# [Tutorial] How to Decrease Video Size without losing quality



## gizmo96 (May 22, 2013)

Hi Guys,This is a tutorial on how to decrease the Size of your video without losing much quality.This method will maintain the resolution of your video and decrease its size.The quality maybe reduced by a little percentage sometimes but most of the time it works great.You won't feel much difference after you compress the video using this method.

So the Video Compressing software that we're gonna use is "Free Video to flash Convertor".It basically converts your video to flash formats(.flv)You can download it here for free Free Video to Flash Converter: convert video to flv swf flash

The software is pretty simple to use.You just need to set the Video settings and you're good to go.Explaining the working of this software via writing is a bit difficult.I would suggest you to watch the video below.Do let me know if the method helped you and you can ask any question regarding it to me too.Thank You!


----------



## pratyush997 (May 22, 2013)

Using x264 codec with virtual dub is better


----------



## Zangetsu (May 22, 2013)

Rmvb compresses even more


----------



## digit.sh (May 22, 2013)

Zangetsu said:


> Rmvb compresses even more



Nothing beats ffmpeg


----------



## whitestar_999 (May 23, 2013)

first of all there is no such thing as decreasing video size without reducing quality.second only those who consider themselves masters/experts of encoding using h264(those who understands what every technical option means like crf & can apply various filters) & using a very high quality source like original blu-ray(not some re-encoded/compressed rip) can achieve size reduction without much quality reduction & even that is only true for screen size less than 50".on a 50" or bigger screen size only an original blu-ray will look best.


----------



## GhorMaanas (May 24, 2013)

whitestar_999 said:


> first of all there is no such thing as decreasing video size without reducing quality.second only those who consider themselves masters/experts of encoding using h264(those who understands what every technical option means like crf & can apply various filters) & using a very high quality source like original blu-ray(not some re-encoded/compressed rip) can achieve size reduction without much quality reduction & even that is only true for screen size less than 50".*on a 50" or bigger screen size ONLY an original blu-ray will look best*.



correct!


----------



## abhidev (May 24, 2013)

the vp8 video compression format recently showcased by Google seems to provide greater compression


----------



## nancytrip (Aug 11, 2014)

This tutorial is relevant for the Windows version of Movavi Video Converter


----------



## beingGamer (Aug 14, 2014)

There will always be decrease in quality with decrease in storage size. you might be interested in some codec which can reduce the storage size, without affecting considerable amount of degrade in quality.

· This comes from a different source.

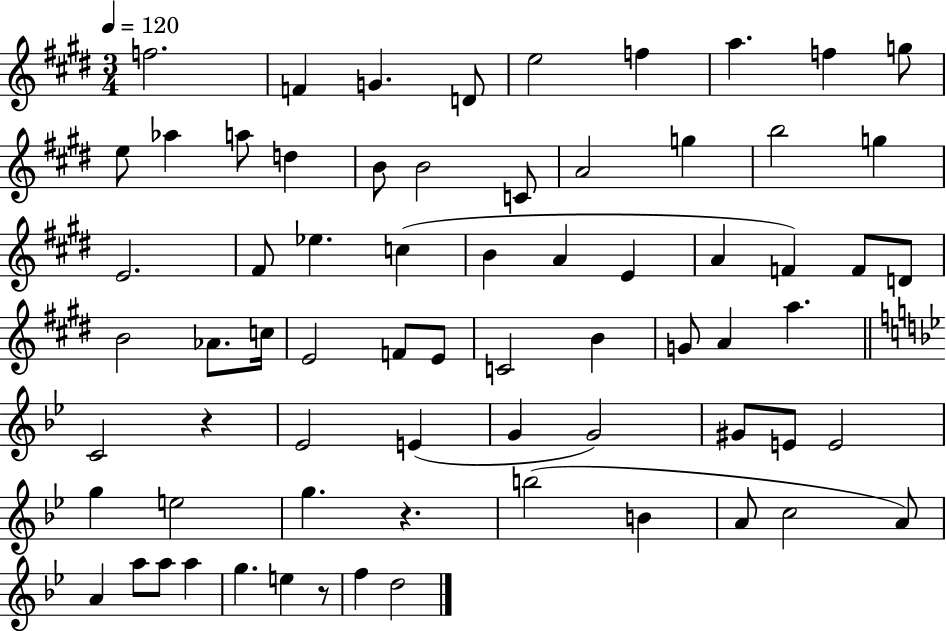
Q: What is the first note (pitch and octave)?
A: F5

try h264, with a video converter with more number of passes if the application provides.
you can refer virtualdub


----------



## srkmish (Aug 14, 2014)

Who needs video size reduction nowadays when 1 tb are available for 3500?


----------



## Flash (Aug 14, 2014)

srkmish said:


> Who needs video size reduction nowadays when 1 tb are available for 3500?


Those who want to watch movies in mobiles? oO


----------



## Nerevarine (Aug 15, 2014)

or who want to upload to youtube ?


----------



## ithehappy (Aug 15, 2014)

I guess he never recorded any gameplay videos at full size with Fraps!

Two ways work for me, use Handbrake with High quality and keep the RF at 21, pretty decent quality (less quality loss) at nice size, or, use Format Factory, choose Medium quality but retain the video resolution.


----------



## RBX (Nov 8, 2014)

Handbrake works best if you need wide compatibility. Otherwise x264 with 10-bit encoding (In general, incompatible with PS/Xbox, Cellphones, DVD players) gives very good results.


----------